Initial Whole-Genome Sequencing of Plasma Cell Neoplasms in First Responders and Recovery Workers Exposed to the World Trade Center Attack of September 11, 2001

Abstract

Purpose: The World Trade Center (WTC) attack of September 11, 2001 created an unprecedented environmental exposure to known and suspected carcinogens. High incidence of multiple myeloma and precursor conditions has been reported among first responders to the WTC disaster. To expand on our prior screening studies, and to characterize the genomic impact of the exposure to known and potential carcinogens in the WTC debris, we were motivated to perform whole-genome sequencing (WGS) of WTC first responders and recovery workers who developed a plasma cell disorder after the attack.

Experimental design: We performed WGS of nine CD138-positive bone marrow mononuclear samples from patients who were diagnosed with plasma cell disorders after the WTC disaster.

Results: No significant differences were observed in comparing the post-WTC driver and mutational signature landscapes with 110 previously published WGSs from 56 patients with multiple myeloma and the CoMMpass WGS cohort (n = 752). Leveraging constant activity of the single-base substitution mutational signatures 1 and 5 over time, we estimated that tumor-initiating chromosomal gains were windowed to both pre- and post-WTC exposure.

Conclusions: Although limitations in sample size preclude any definitive conclusions, our findings suggest that the observed increased incidence of plasma cell neoplasms in this population is due to complex and heterogeneous effects of the WTC exposure that may have initiated or contributed to progression of malignancy.

Figure 1.

Multiple myeloma genomic driver landscape in the World-Trade Center (WTC) cohort. The prevalence of each genomic driver is compared to that observed in 752 multiple myeloma patients enrolled in the CoMMpass trial with whole exome and low-coverage long-insert whole genome sequencing data available.

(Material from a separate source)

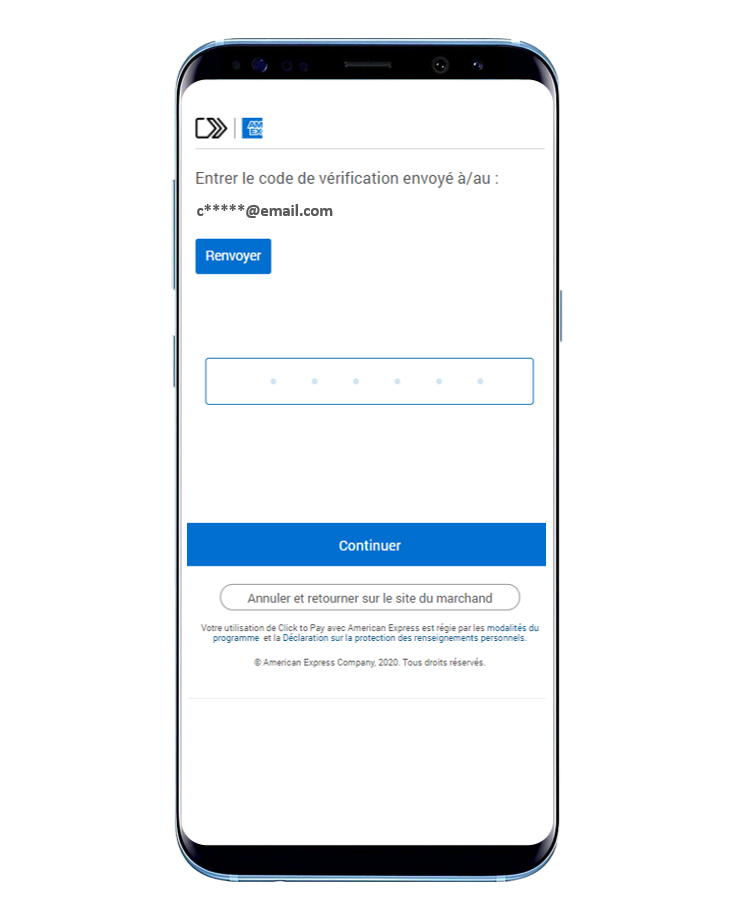 Suivez les directives de sécurité pour confirmer votre identité.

HRD = hyperdiploid; MGUS = Monoclonal gammopathy of undetermined significance; SMM = smoldering multiple myeloma; MM = multiple myeloma; PCL = plasma cell leukemia. Only fully clonal copy number were reported for the WTC cohort.

Figure 2.

Mutational signature landscape in first responders and recovery workers exposed to the WTC disaster. A) Relative contribution of each mutational signature in the WTC cohort and in a validation set including 110 available WGS from 56 patients. B) Mutational signatures differences between clonal and subclonal CNVs in each case with more than 50 subclonal mutations. The confidence interval of each mutational signature estimate was generated by drawing 1000 mutational profiles from the multinomial distribution, each time repeating the signature fitting procedure (mmsig), and finally taking the 2.5^th and 97.5^th percentile for each signature.

Figure 3.

Timing multi-chromosomal gain events in first responders and recovery workers exposed to the WTC disaster with multiple myeloma and precursor conditions. A) Molecular time estimated for each clonal gain and copy-neutral loss of heterozygosity in the WTC cohort. Blue dots and lines represent the molecular time estimates and the 95% confidence intervals, respectively. Only large chromosomal gains (>1 Mb) with more than 50 clonal single nucleotide variants were considered. B) Absolute timing of each multi-gain event in relation to the WTC attack and the patient’s age at diagnosis for 6 evaluable patients. Dark blue and grey dots represent the first and second multi-gain events, respectively, with 95% confidence intervals. Blue dots represent MGUS diagnosis and red dots represent multiple myeloma diagnosis. The dotted line represents September 11, 2001.